START Data excerpts
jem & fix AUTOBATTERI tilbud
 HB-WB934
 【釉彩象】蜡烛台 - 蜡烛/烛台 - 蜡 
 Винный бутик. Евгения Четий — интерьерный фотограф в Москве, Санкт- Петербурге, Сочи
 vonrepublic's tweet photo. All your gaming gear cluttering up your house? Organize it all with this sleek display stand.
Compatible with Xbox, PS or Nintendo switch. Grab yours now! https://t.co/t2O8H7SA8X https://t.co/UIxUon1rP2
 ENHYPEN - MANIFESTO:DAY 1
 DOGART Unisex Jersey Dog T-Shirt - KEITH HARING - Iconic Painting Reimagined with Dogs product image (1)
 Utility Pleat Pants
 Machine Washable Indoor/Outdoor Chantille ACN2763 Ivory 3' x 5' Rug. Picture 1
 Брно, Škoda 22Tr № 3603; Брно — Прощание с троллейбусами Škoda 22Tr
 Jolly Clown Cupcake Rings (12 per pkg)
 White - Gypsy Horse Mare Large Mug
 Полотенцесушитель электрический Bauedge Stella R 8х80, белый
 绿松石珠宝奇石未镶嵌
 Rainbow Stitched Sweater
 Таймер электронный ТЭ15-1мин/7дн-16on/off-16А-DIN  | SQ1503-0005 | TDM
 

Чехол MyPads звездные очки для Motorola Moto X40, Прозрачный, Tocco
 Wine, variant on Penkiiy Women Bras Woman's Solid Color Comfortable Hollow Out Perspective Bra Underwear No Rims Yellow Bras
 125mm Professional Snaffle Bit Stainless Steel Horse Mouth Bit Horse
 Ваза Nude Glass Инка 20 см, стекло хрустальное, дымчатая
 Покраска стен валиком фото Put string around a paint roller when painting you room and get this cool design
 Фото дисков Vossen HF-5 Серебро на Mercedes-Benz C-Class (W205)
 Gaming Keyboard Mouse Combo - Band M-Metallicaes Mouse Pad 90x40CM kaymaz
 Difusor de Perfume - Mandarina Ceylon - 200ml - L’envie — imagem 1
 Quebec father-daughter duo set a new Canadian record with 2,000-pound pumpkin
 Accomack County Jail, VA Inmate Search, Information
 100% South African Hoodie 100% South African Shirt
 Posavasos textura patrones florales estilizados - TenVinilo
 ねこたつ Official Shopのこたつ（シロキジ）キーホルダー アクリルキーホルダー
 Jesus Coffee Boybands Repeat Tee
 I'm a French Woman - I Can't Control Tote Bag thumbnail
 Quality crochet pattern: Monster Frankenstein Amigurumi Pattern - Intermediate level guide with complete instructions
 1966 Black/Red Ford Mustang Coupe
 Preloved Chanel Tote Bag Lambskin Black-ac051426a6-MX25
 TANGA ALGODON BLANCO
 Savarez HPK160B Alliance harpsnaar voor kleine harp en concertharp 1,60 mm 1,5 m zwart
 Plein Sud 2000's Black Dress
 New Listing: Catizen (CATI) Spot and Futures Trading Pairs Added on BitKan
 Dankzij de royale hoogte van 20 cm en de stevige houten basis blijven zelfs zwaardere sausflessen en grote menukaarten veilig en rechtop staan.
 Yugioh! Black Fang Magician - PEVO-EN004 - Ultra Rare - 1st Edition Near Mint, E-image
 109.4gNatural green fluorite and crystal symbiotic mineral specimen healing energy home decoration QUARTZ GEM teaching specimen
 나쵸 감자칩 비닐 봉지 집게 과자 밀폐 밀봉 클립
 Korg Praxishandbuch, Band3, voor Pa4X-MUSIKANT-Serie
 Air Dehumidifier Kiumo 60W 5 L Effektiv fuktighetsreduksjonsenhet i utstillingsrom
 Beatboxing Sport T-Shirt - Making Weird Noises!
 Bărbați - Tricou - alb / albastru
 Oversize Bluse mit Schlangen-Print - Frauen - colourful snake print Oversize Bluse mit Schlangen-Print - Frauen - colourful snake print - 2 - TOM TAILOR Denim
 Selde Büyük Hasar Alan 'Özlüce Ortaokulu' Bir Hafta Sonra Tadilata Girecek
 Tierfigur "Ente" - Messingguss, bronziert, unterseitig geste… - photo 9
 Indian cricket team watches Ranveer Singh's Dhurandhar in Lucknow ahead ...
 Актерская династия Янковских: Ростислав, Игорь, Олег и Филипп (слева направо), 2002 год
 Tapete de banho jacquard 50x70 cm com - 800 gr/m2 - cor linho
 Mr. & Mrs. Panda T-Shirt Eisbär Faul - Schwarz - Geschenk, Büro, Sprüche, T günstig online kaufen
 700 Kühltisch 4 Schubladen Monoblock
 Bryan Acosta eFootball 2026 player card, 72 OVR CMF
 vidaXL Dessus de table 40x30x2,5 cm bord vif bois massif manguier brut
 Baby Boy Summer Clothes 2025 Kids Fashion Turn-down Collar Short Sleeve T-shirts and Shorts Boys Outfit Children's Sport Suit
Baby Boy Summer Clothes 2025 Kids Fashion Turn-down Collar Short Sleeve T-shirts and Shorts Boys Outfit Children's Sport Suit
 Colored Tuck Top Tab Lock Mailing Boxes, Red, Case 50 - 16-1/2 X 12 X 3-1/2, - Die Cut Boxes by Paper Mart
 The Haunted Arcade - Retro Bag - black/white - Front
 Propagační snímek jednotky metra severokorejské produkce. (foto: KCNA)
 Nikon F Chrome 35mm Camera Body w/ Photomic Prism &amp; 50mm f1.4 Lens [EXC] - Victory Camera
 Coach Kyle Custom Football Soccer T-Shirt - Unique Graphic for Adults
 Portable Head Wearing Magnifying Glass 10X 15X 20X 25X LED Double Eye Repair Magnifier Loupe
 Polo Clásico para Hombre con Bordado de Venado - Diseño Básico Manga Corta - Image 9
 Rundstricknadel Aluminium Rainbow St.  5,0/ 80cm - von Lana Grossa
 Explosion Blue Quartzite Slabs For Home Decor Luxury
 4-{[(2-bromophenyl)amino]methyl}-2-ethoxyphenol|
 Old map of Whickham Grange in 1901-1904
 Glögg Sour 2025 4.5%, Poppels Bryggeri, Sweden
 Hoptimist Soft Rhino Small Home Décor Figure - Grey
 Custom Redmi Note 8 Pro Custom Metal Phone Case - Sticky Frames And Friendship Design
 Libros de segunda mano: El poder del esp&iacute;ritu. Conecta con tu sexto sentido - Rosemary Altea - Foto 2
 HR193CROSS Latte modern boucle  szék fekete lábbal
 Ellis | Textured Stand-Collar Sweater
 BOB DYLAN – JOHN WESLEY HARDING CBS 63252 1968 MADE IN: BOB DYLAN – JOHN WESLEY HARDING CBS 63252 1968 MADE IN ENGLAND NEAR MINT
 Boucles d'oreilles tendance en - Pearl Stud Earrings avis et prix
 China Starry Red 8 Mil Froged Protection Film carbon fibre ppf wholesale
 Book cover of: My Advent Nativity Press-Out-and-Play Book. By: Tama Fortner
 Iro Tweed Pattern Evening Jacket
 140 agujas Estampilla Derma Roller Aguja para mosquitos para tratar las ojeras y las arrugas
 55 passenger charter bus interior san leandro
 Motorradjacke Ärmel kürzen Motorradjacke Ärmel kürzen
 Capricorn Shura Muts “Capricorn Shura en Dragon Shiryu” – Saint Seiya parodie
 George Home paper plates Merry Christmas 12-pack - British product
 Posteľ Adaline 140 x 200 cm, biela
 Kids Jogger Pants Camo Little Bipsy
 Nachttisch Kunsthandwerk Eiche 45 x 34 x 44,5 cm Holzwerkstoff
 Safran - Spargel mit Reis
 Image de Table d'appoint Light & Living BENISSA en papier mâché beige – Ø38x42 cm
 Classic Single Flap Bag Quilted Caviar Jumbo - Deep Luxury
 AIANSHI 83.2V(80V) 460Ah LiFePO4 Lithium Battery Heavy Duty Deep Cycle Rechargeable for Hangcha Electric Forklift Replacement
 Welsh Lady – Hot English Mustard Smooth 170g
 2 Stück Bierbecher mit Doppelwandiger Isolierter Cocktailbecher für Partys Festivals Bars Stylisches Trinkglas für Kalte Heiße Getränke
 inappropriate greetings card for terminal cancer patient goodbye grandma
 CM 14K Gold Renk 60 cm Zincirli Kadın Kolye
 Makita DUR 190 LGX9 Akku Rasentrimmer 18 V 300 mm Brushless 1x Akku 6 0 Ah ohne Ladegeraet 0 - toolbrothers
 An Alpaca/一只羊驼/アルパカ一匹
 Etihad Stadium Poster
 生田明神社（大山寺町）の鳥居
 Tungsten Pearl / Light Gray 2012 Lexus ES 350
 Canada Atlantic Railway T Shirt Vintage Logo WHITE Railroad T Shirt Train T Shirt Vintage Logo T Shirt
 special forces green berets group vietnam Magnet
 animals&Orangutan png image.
END Data excerpts
• **Exercise description**
Nothing beyond the line containing "Machine Washable Indoor/Outdoor" is to be output; the lines above, from the first one onward to that line, are to be transcribed exactly.

• **Exercise solution**
jem & fix AUTOBATTERI tilbud
 HB-WB934
 【釉彩象】蜡烛台 - 蜡烛/烛台 - 蜡 
 Винный бутик. Евгения Четий — интерьерный фотограф в Москве, Санкт- Петербурге, Сочи
 vonrepublic's tweet photo. All your gaming gear cluttering up your house? Organize it all with this sleek display stand.
Compatible with Xbox, PS or Nintendo switch. Grab yours now! https://t.co/t2O8H7SA8X https://t.co/UIxUon1rP2
 ENHYPEN - MANIFESTO:DAY 1
 DOGART Unisex Jersey Dog T-Shirt - KEITH HARING - Iconic Painting Reimagined with Dogs product image (1)
 Utility Pleat Pants
 Machine Washable Indoor/Outdoor Chantille ACN2763 Ivory 3' x 5' Rug. Picture 1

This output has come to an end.